However, I have come to face some issues that I am not being able to solve. If anyone would be able to help me I would be very thankfull.
- In the original example, the noisy images are created as a transformation of the ground truth images. For me this is not the case, since I have both noisy and ground truth images saved in different directories. I was importing the data as follows:
directory_und = os.fsencode(directory_tr_und)
directory_gt = os.fsencode(directory_tr_gt)
train_datalist =
for file in os.listdir(directory_gt):
filename_gt =‘/home/mamil/monai/GenerativeModels/data/multicoil_train_proc_128/’ + os.fsdecode(file)
filename_und =‘/home/mamil/monai/GenerativeModels/data/multicoil_train_proc_und_128/’ + os.fsdecode(file)
train_datalist+= [{“image”:filename_gt } , {“low_res_image”:filename_und }]
However, when using CacheDataset I would get an error.
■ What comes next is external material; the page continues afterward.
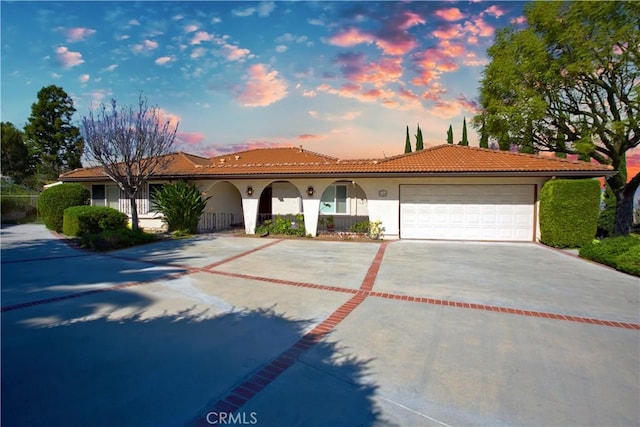 view of front of house featuring a tiled roof, stucco siding, driveway, and an attached garage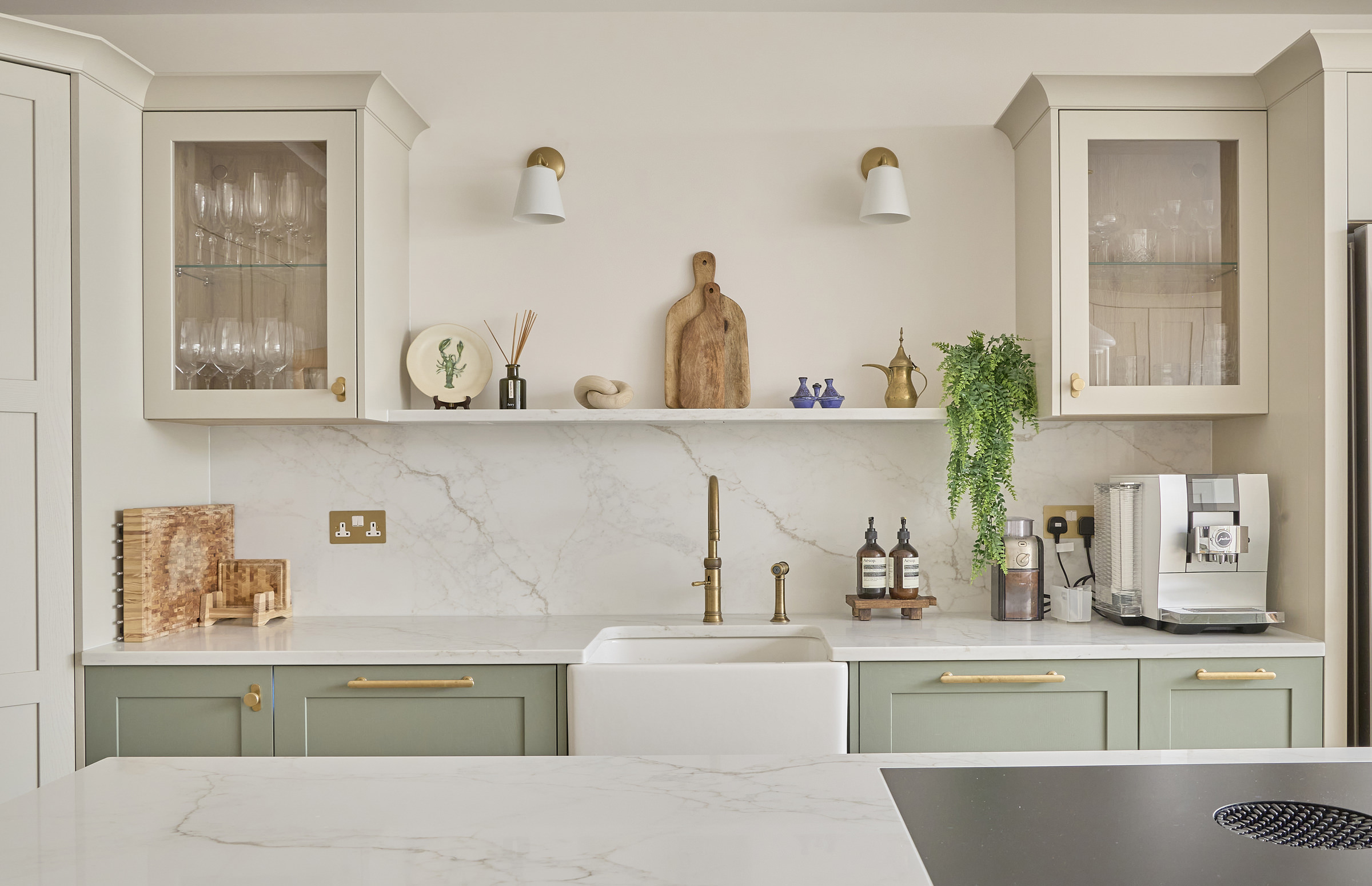 A kitchen Island with Quartz Modena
How could I perform the same transformations as the example, mainly the normalization of the figures, while having already both noisy and ground truth images imported, instead of creating the noisy images as a transformation of the ground truth images?
- The diffusion model that is trained is created with 4 input channels and 3 output channels. However, I do not understand why this is the case. I was thinking about not using the latent representation created by the autoencoder but instead just directly give the ground truth image as conditional information to the diffusion model. However, since I do not understand why there are 4 input channels, I am not sure what additional information I should give to the model.
Thanks to anyone that took their time to read this post.